Police in Lam Dong Province, Vietnam have taken criminal proceedings against a local man for unlawfully keeping live wild animals and storing wildlife body parts at his home.
Trinh Ngoc Dong, 41, a resident in the province’s Di Linh District, has been prosecuted on charges of violating regulations on management and protection of endangered, rare animals, as prescribed in the Vietnamese Penal Code, local police reported on Monday.
Dong, let out on bail now, has also been fined VND355.5 million (US$15,620) for his offense.
The man was previously caught capturing live wide animals including a clouded monitor, a three-kilogram pangolin, 20 chevrotains, 10 Asian palm civets, and 13 black squirrels.

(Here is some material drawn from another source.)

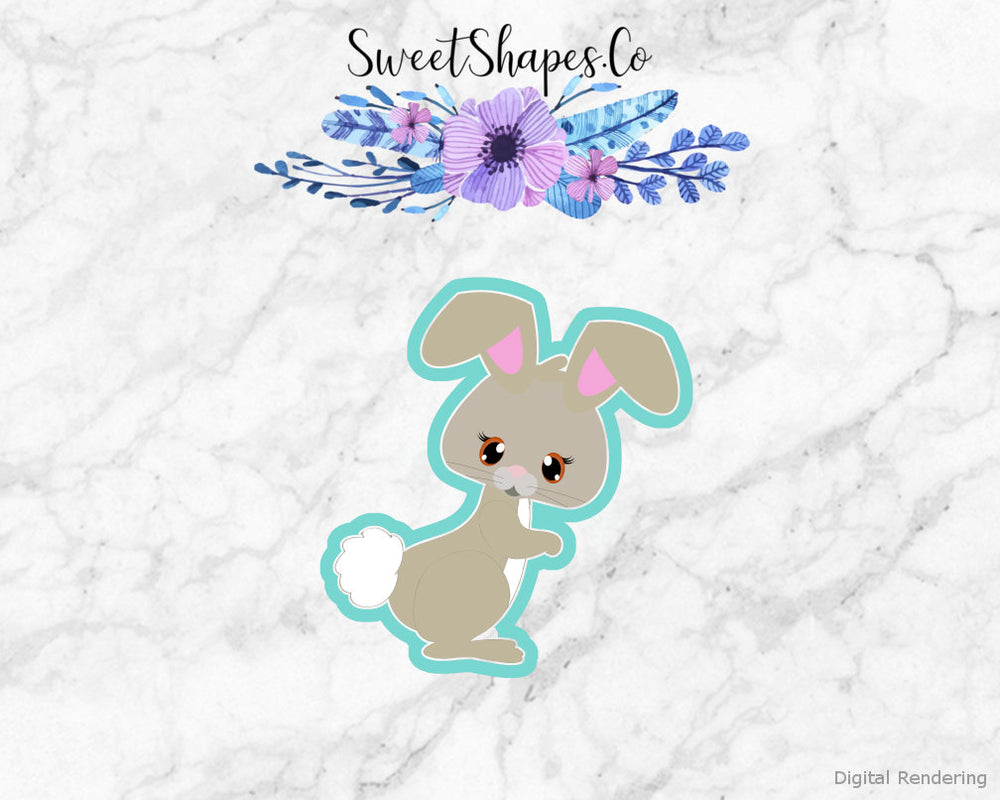 Bunny 6 Cookie Cutter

About 35 kilograms of the meat and bones of a chamois, along with its head, were detected in the man’s house.
All the animals are classified as endangered, precious, and rare species under Decree No. 06 issued by the Vietnamese government in 2019.
Dong also raised common forest animals such as brush tailed porcupine and bamboo rats.
Endangered wildlife products are strictly banned from being traded in, imported to or exported from Vietnam as they are protected by the Convention on International Trade in Endangered Species of Wild Fauna and Flora (CITES), to which the country has been party since 1994.
Under Vietnam’s Penal Code, transporting, trading, capturing or killing wild animals or parts thereof is a criminal offense punishable by six months to 12 years in prison.
On November 30 last year, a court in Dak Lak Province gave 33-year-old Nguyen Thanh Tung a jail term of seven years for illegally capturing 14 live clouded monitor lizards, along with a fine of VND10 million ($438), according to national radio station Voice of Vietnam.